■ TRY IT
From the material below, copy exactly the lines beginning with the one that contains "Barcelona forward Paco" and ending with the one that contains "Kitchen with a"; the pictures stay out.
RECORD EXTRACTS: Begin
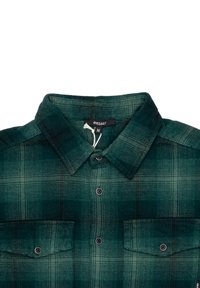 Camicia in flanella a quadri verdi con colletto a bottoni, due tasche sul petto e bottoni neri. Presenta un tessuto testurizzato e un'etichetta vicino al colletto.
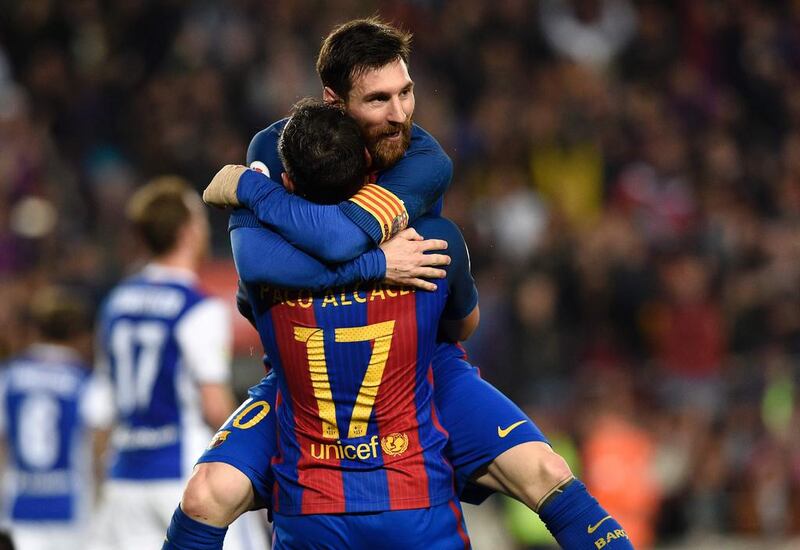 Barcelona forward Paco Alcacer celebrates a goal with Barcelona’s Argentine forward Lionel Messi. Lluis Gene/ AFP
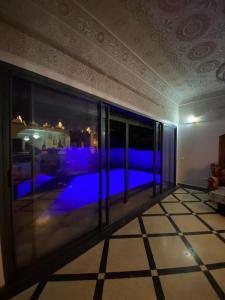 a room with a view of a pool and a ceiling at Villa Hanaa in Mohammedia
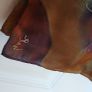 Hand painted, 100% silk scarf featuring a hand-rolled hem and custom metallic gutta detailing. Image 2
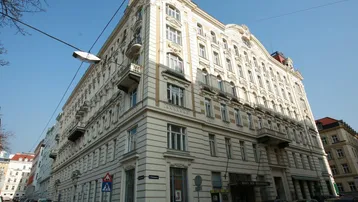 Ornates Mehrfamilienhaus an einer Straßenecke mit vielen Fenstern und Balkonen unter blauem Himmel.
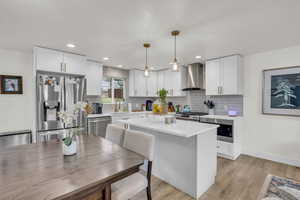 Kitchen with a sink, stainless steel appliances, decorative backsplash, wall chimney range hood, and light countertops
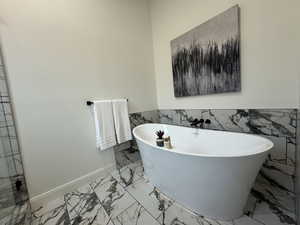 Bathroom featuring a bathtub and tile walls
RECORD EXTRACTS: End
■ RESULT OF THE TASK
 Barcelona forward Paco Alcacer celebrates a goal with Barcelona’s Argentine forward Lionel Messi. Lluis Gene/ AFP
 a room with a view of a pool and a ceiling at Villa Hanaa in Mohammedia
 Hand painted, 100% silk scarf featuring a hand-rolled hem and custom metallic gutta detailing. Image 2
 Ornates Mehrfamilienhaus an einer Straßenecke mit vielen Fenstern und Balkonen unter blauem Himmel.
 Kitchen with a sink, stainless steel appliances, decorative backsplash, wall chimney range hood, and light countertops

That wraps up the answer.